Deux des moments musicaux Rubber Soul préférés d’Ariana : l’obscurité psychédélique de « Intro (Stop of the Earth) » et le tourbillon de guitare époustouflant de « Imperfect for You ». Mais le lien est in addition profond que cela : vous pouvez l’entendre dans l’honnêteté de ses chansons. Comme Rubber Soul, Eternal Sunshine est un album de romances douloureuses sans fin heureuse. Ariana chante en repensant aux amants et aux amis dont elle se souvient encore dans sa vie. Ce sont des chansons d’amour, mais elles se déroulent dans un monde où l’amour a la fâcheuse habitude de disparaître du jour au lendemain.

Choix de l’éditeur

Cela tombe bien, automobile Rubber Soul est un album qui encourage les gens à réinventer la musique pop depuis 60 ans. C’est bien additionally que l’album thought unique : c’est là qu’ils ont inventé toute l’idée de l’album tel que nous le connaissons aujourd’hui. John, Paul, George et Ringo ont montré au monde jusqu’où l’on pouvait aller avec une collection de chansons pop, la transformant en une déclaration artistique unifiée. Les Fabs ont grandi et sont devenus bizarres, abandonnant leurs sons de moptop éprouvés pour des chansons d’amour difficiles pour adultes comme « Norwegian Wooden », « In My Daily life », « Female » et « I’m Wanting By means of You ». Comme le disait Paul McCartney en 1965 : « Nous sommes si bien établis que nous pouvons emmener les enthusiasts avec nous et repousser les limites de la pop. » À l’époque, cela ressemblait probablement à une vantardise arrogante de la portion d’un fou délirant. Pourtant, cela s’est avéré être un énorme euphémisme.

Ariana repousse également les limites. Elle est dans son époque « Le retour de Saturne », elle raconte ses conneries après des bouleversements majeurs dans sa vie : elle a 30 ans, sort du chagrin d’un divorce, prend une pause dans le cycle du enterprise de la musique pour vérifier sa tête. Elle lance donc sa grande déclaration avec l’énergie de la DGAF. Comme Rubber Soul, c’est un album de chanteur, plein d’interactions vocales complexes. Comme Rubber Soul, il a été réalisé rapidement – ​​« Les choses se déversent et se produisent très vite », a-t-elle déclaré cet hiver – au cours d’une powerful retraite en studio de trois mois avec un collaborateur de confiance, dans son cas Max Martin. (Aucun rapport avec George.) C’est le son d’une artiste intrépidement ambitieuse refusant de jouer la sécurité, créant sa musique la as well as courageuse et la additionally risquée à ce jour. Comme le chanterait John Lennon, cet oiseau a volé.
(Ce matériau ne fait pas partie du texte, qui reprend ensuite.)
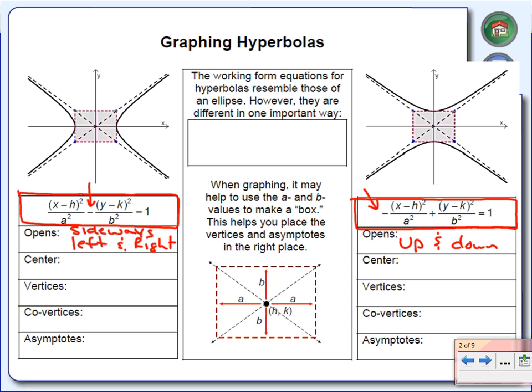The center of these hyperbolas is going to be the same as the center of our circle and the center of our ellipse — and that's going to be H, K. H, K is going to be the center of our ellipse, the center of our circle, and also the center for our hyperbola.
Eternal Sunshine s’inscrit dans la longue histoire d’artistes brillants s’inspirant de Rubber Soul au fil des décennies. Depuis que les Beatles l’ont abandonné en décembre 1965, cela a été un défi pour les autres musiciens. C’est celui que Brian Wilson a entendu et a décidé de mettre en tête avec Pet Appears. Celui que Bob Dylan a entendu et décidé de mettre en tête avec Blonde on Blonde. Celui qui a époustouflé Stevie Question, Marvin Gaye et Carole King, ouvrant la porte à Music Of My Head et What’s Heading On et Tapestry. De nombreuses légendes l’ont entendu comme un défi, une invitation, une carte de leur avenir de bricolage. Cela les a incités à ignorer les règles et à créer leur propre Nevermind ou Child A ou Beyoncé ou Folklore. De nos jours, les albums pop comptent additionally que jamais – ils sont désormais des « époques », mais ils restent la manière dont les artistes marquent leur croissance, leur maturité, leur affect, leurs ambitions, leurs prétentions. Aucun album n’a fait additionally que Rubber Soul pour définir ce qu’est un album et ce qu’un artiste peut dire avec lui.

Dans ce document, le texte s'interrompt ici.